**Work task**:
No pictures, no extra lines: copy exactly from the line with "Les ponts brisés" through the end of the entries.
########################################
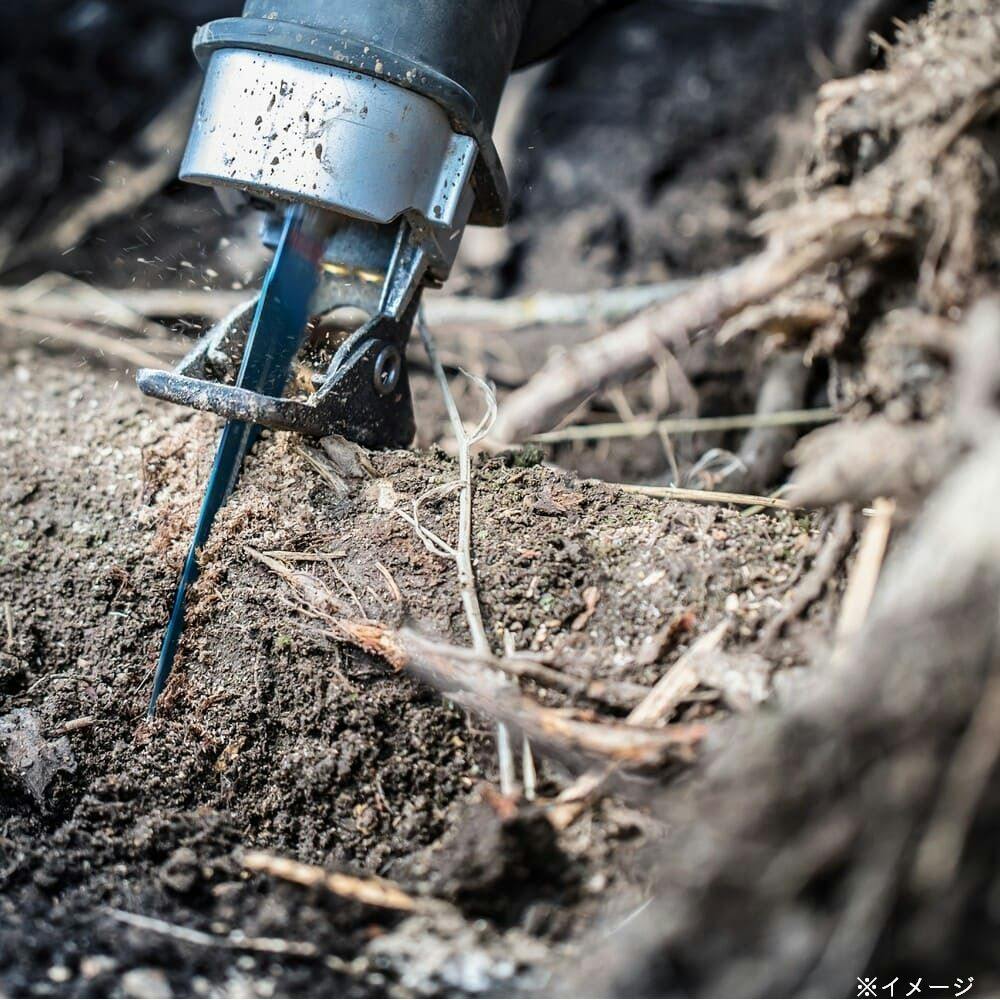 【拡張foil】緻密　英語　4枚セット 拡張foil】緻密 英語 4枚セット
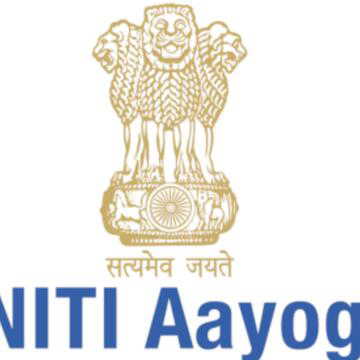 NITI Aayog pushes wider fuel efficiency rules as India eyes cleaner mobility
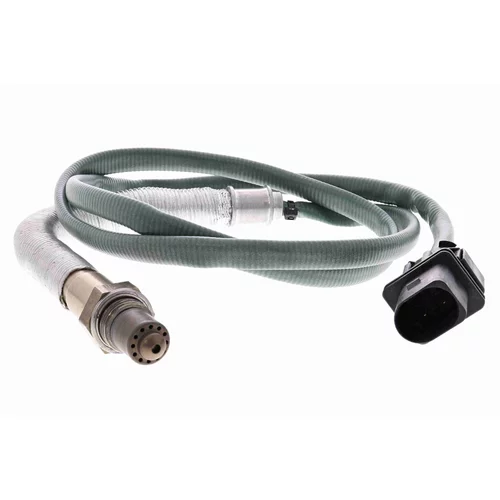 Lambda sonda VEMO V30-76-0063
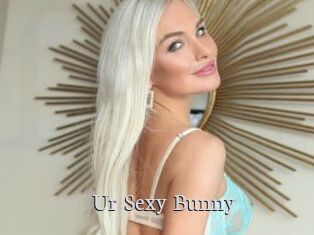 Ur_Sexy_Bunny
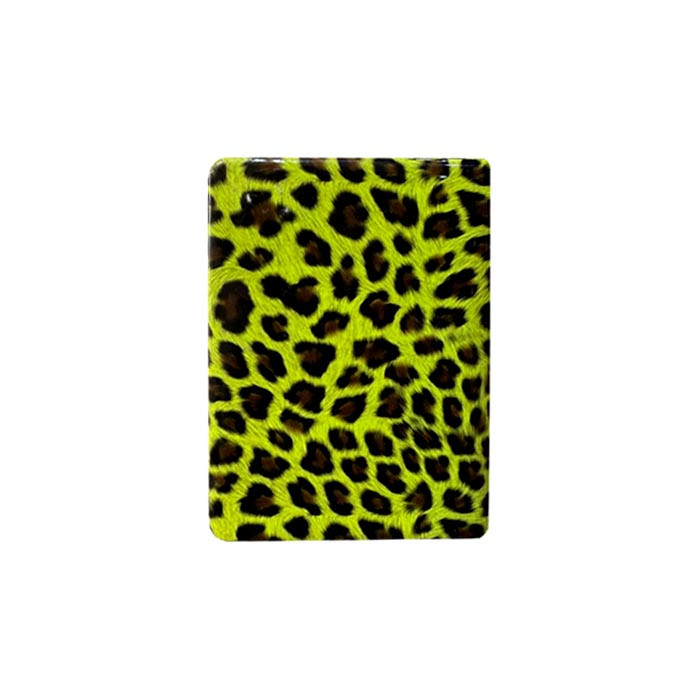 سالنامه جیبی سال 1404 مدل پلنگی کد 757777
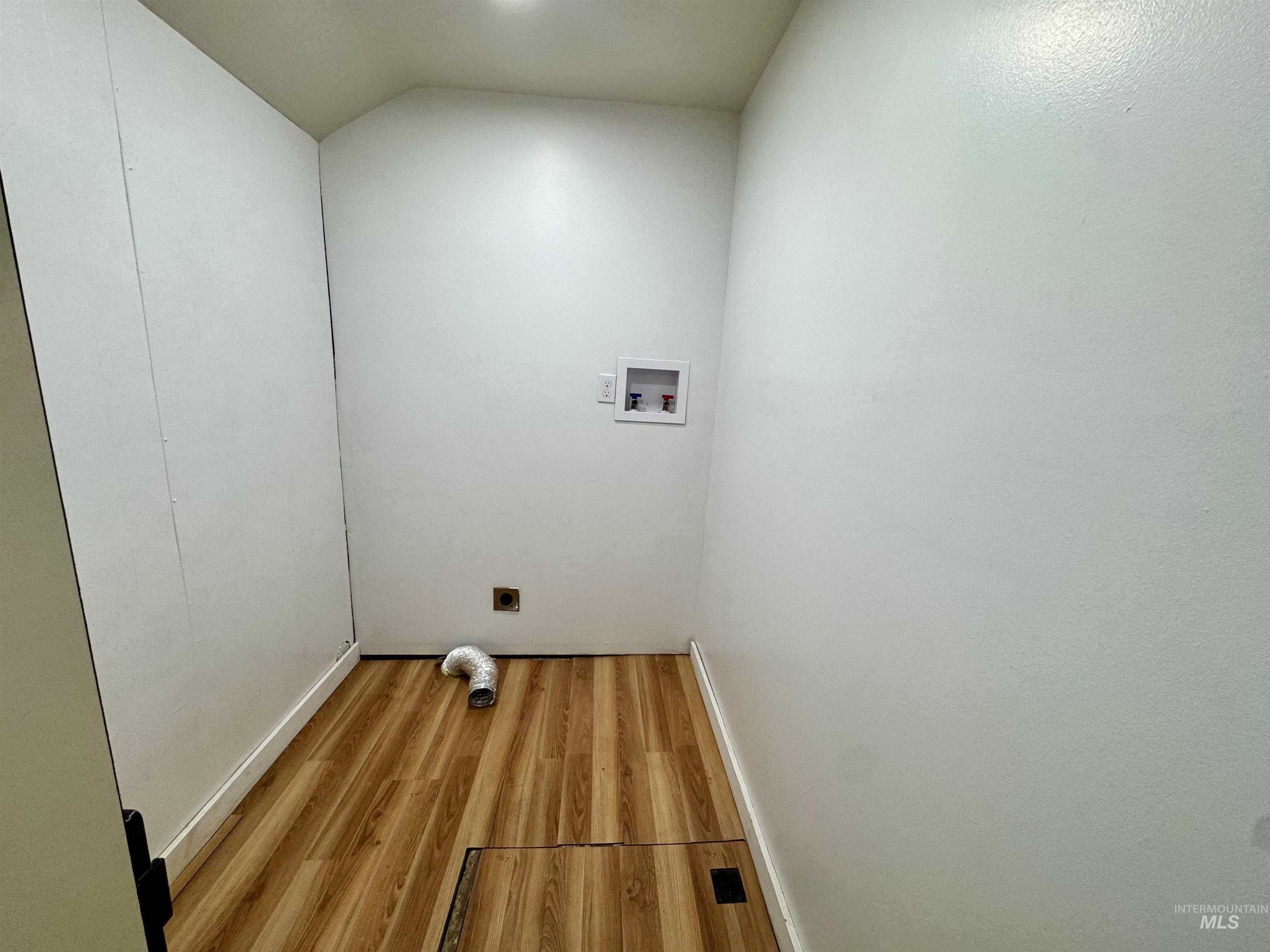 704 Floyd Avenue, Orofino, Idaho 83544, 3 Bedrooms, 2 Bathrooms, Residential For Sale, Price $368,000,MLS 98980165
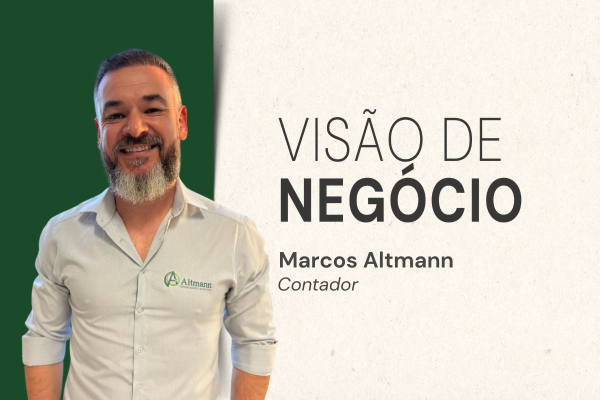 Imposto de Renda: entender os anos é o primeiro passo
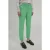 Josephine & Co Les Pants Parrot Green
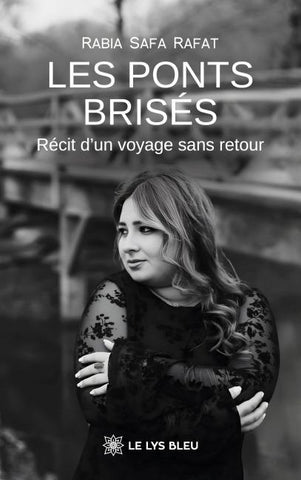 Les ponts brisés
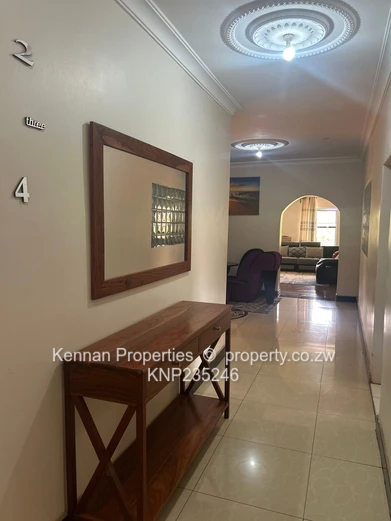 Spacious Home in Mt Pleasant Heights (Sole Mandate)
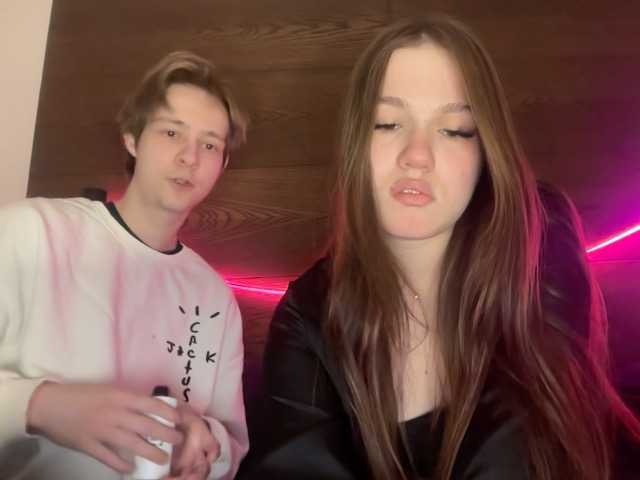 titsDestroy2007's Thumb Image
########################################
**Reply**:
 Les ponts brisés
 Spacious Home in Mt Pleasant Heights (Sole Mandate)
 titsDestroy2007's Thumb Image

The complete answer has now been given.